BACKGROUND OF THE INVENTION
[0002] The present invention relates to an operation lever assembly
of a vehicle transmission operator for changing positions of a
transmission by sliding an operation lever.
[0003] Such an operation lever assembly is used in an automatic
vehicle transmission operator of an automobile and the like. The
operation lever includes a lever body which is a control lever
(select lever). The operation lever includes a rod which is
inserted into the lever body and which moves vertically. The
operation lever includes a shift-knob mounted on a distal end of
the rod and a lock-pin which is press-fitted into a proximal end of
the rod. The operation lever includes a spring which normally
biases the rod upward. The operation lever includes a lever base
having a rotation shaft as the rotation center of the operation
lever.
[0004] The lever body and the lever base are integrally formed or
welded to each other. Thus, during assembling of the operation
lever, the spring and the rod are inserted, in this order, into a
through hole formed in the center of the operation lever from the
distal end of the lever body on which the shift-knob is mounted.

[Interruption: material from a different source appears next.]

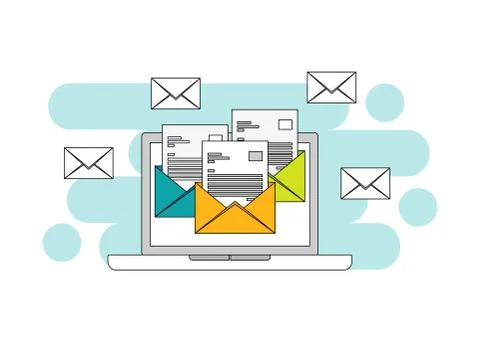 Email symbol , E-mail line flat design of rweb banner , web element , or info Stock Illustration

The lever body is then fixed by chucking means. A notch
(lock-pin-movable hole) is formed in the lever body. The lock-pin
is press-fitted, from the notch, into a hole formed in the proximal
end of the rod (see Japanese Patent Application Laid-Open No. H11
(2001) -286225 for example).
SUMMARY OF THE INVENTION
[0005] When the lock-pin is press-fitted into the hole, it is
necessary to strongly fix and retain the lever body. By strongly
fixing and holding the lever body, the lever body adversely bears a
mark of the chucking means which fixes the lever body. Therefore,
the lever body can not be used as a design surface as it is, and it
is necessary to cover the lever body with another member.
[0006] When the lock-pin is press-fitted into the hole, the rod can
not be fixed directly. The spring pushes the rod, and fixing of the
press-fitting position is difficult. For this reason, the lock-pin
and the notch of the lever body is required to have a great
clearance threrebetween. When the lock-pin is press-fitted into the
hole, a special positioning jig is required.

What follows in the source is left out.